Das Ostdeutsche Wirtschaftsforum, das vom 31. Mai bis 2. Juni in Bad Saarow stattfindet, wird täglich rund 350 Vertreter aus der Wirtschaft zusammenbringen. Zu den Teilnehmern zählen Bundeskanzler Friedrich Merz, Wirtschaftsministerin Katherina Reiche sowie die Ministerpräsidenten von Sachsen-Anhalt, Mecklenburg-Vorpommern und Brandenburg. Ziel der Veranstaltung ist es, die aktuelle Reformagenda voranzutreiben und gleichzeitig mögliche Chancen für die Industrie trotz der anhaltenden Herausforderungen aufzuzeigen.
BDI-Hauptgeschäftsführer Holger Lösch übt scharfe Kritik an der gegenwärtigen Lage. Die Unternehmen seien „tief entmutigt, ja sogar frustriert“, so Lösch, der der Regierung vorwirft, es an einer klaren Vision zu mangeln. „Wohin steuert das Land? Was ist unser Ziel?“ fragte er und forderte von den Politikern einen deutlicher erkennbaren Fahrplan.
Lösch warnte zudem vor den Risiken ausbleibender Reformen – besonders in einem Wahljahr. Der BDI setzt sich für mehr Flexibilität ein, um Innovation und Investitionen zu fördern, und argumentiert, dass überbordende Regulierung den Fortschritt hemme. Ohne spürbare Veränderungen befürchtet der Verband einen weiteren wirtschaftlichen Niedergang.

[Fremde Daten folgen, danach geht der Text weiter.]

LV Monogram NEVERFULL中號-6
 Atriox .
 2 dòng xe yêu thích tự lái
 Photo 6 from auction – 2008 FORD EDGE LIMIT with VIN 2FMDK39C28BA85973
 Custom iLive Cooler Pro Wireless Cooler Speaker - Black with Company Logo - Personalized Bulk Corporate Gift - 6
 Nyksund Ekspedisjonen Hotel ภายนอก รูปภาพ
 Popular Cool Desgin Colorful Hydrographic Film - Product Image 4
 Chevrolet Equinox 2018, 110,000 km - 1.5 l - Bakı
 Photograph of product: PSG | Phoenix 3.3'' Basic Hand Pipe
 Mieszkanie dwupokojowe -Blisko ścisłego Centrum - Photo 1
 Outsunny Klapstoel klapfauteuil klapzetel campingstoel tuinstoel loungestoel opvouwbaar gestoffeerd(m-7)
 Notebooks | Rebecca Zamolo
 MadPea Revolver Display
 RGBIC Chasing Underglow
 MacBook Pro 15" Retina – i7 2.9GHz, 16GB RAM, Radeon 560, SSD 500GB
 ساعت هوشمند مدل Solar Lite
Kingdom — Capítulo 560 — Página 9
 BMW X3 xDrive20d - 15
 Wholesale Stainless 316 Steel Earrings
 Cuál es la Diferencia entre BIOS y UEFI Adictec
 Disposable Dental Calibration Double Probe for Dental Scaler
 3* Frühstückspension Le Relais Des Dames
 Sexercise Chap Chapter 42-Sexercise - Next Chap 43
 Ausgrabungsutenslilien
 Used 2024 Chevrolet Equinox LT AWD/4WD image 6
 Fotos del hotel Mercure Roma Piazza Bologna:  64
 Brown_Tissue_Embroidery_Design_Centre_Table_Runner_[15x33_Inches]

Die Konferenz findet zu einem entscheidenden Zeitpunkt für die deutsche Industrie statt, die mit steigenden Kosten und regulatorischen Hürden kämpft. Im Mittelpunkt der Diskussionen stehen Maßnahmen zur Entlastung der Unternehmen und die Schaffung eines förderlicheren Umfelds für Wachstum. Die Ergebnisse könnten die politischen Weichenstellungen der kommenden Monate prägen, während die Verantwortlichen versuchen, Reformforderungen mit wirtschaftlicher Stabilität in Einklang zu bringen.